Assembly-level embeddings are only available under from-structures — there is no assembly concept for a bare sequence.

Run fm-embedding [from-structures|from-sequences] [command] --help for full options (batch size, accelerator, devices, output format, distributed settings, etc.).

`fm-search` — build and query FAISS databases

# Build a similarity-search database from structures, FASTA, or pre-computed embeddings
fm-search build structures  --structure-folder data/pdb --output-db dbs/my_db --tmp-embedding-folder tmp
fm-search build sequences   --fasta-file seqs.fasta     --output-db dbs/my_db --tmp-embedding-folder tmp
fm-search build embeddings  --embedding-folder out      --output-db dbs/my_db

# Query the database
fm-search query structure   --db-path dbs/my_db --query-structure q.cif
fm-search query sequences   --db-path dbs/my_db --fasta-file q.fasta --tmp-embedding-folder tmp
fm-search query embedding   --db-path dbs/my_db --embedding-file q.pt
fm-search query db          --query-db-path dbs/queries --subject-db-path dbs/my_db

# Inspect, cluster, export
fm-search stats             --db-path dbs/my_db
fm-search cluster           --db-path dbs/my_db --output clusters.csv
fm-search similarity-graph  --db-path dbs/my_db --output graph.graphml

All build commands accept --index-type [auto|flat|hnsw|ivf_pq] and IVF-PQ tuning flags (--ivf-nlist, --ivf-nprobe). See fm-search <subcommand> --help for the full surface.
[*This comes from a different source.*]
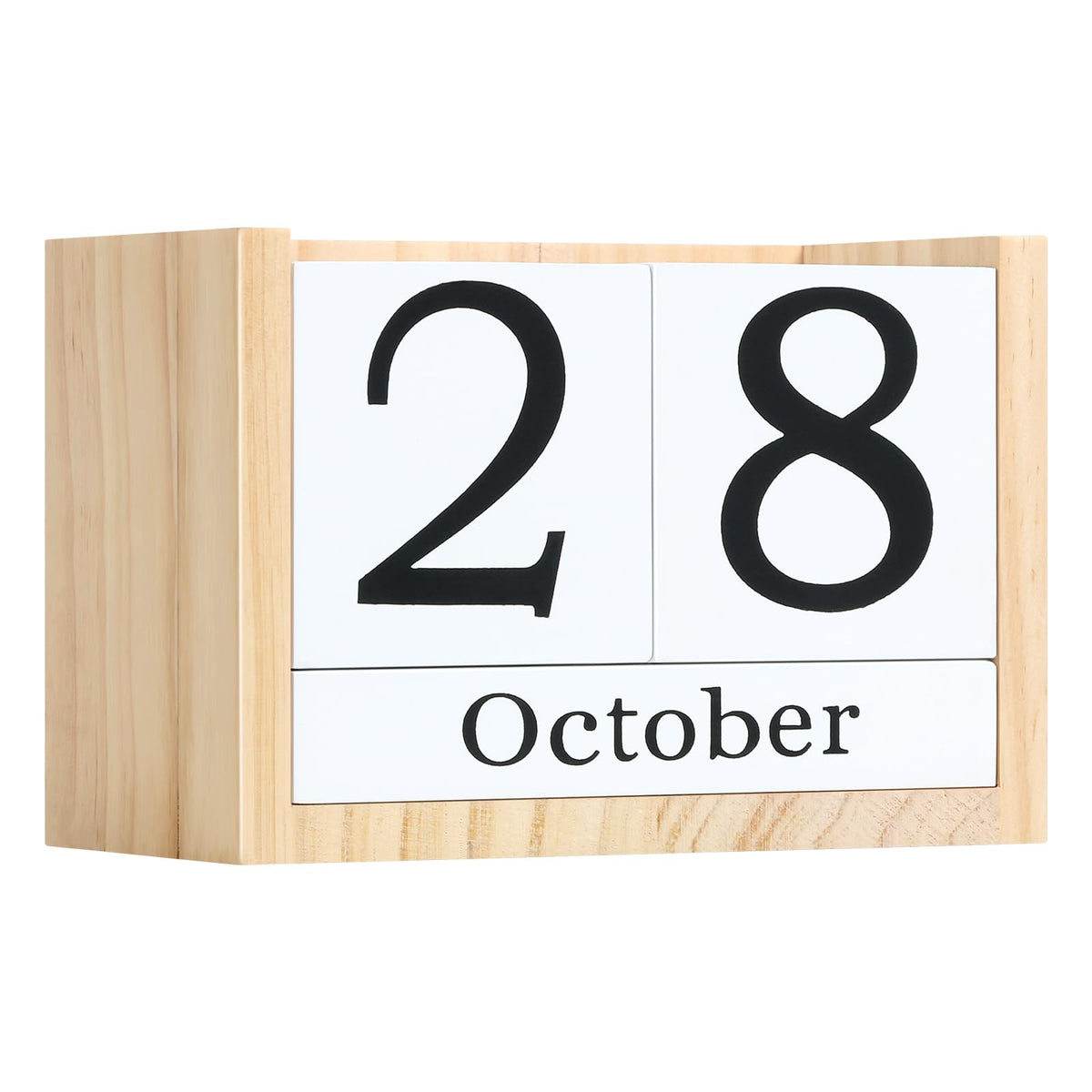 Wooden Block Calendar for Desk, Small Size Daily Desktop Perpetual Desk Calendar, Cute Date Display Desk Accessories for Home Office Decor, Teacher, Classroom, Reusable Yearly, Pink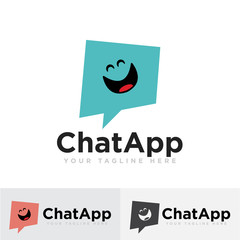 Obraz premium Chat Logo Design Vector Illustration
Two-stage sequence search (exact identity)

build sequences also writes a sidecar {db}.sequences store next to the FAISS index. This lets sequence-built databases report exact sequence identity, not just embedding similarity: when you run query sequences (or query db) against such a database, a second stage pairwise-aligns each embedding hit (local Smith-Waterman, BLOSUM62) and adds SeqIdentity_aln, SeqIdentity_shorter, QueryCoverage, SubjectCoverage, AlnLen, AlnScore, and Pvalue_approx/Evalue_approx columns; surviving hits are re-ranked by identity.

# Stage 2 turns on automatically when the database has a sequence store
fm-search query sequences --db-path dbs/my_db --fasta-file q.fasta --tmp-embedding-folder tmp

Auto by default: Stage 2 runs when the database(s) carry a sequence store and falls back to embedding-only otherwise. Force it with --seq-identity (errors if no store is present) or disable with --no-seq-identity. query db requires both databases to have sequence stores.
Hits below --min-seq-identity (default 0.3) or --min-coverage are dropped.
Tuning: --gap-open, --gap-extend, and --align-workers (defaults to all CPUs on the node).
Pvalue_approx/Evalue_approx are an approximate, relative-only significance signal (sampled Karlin–Altschul λ/K) — useful for ranking within FoldMatch, but not calibrated like BLAST/mmseqs2 E-values.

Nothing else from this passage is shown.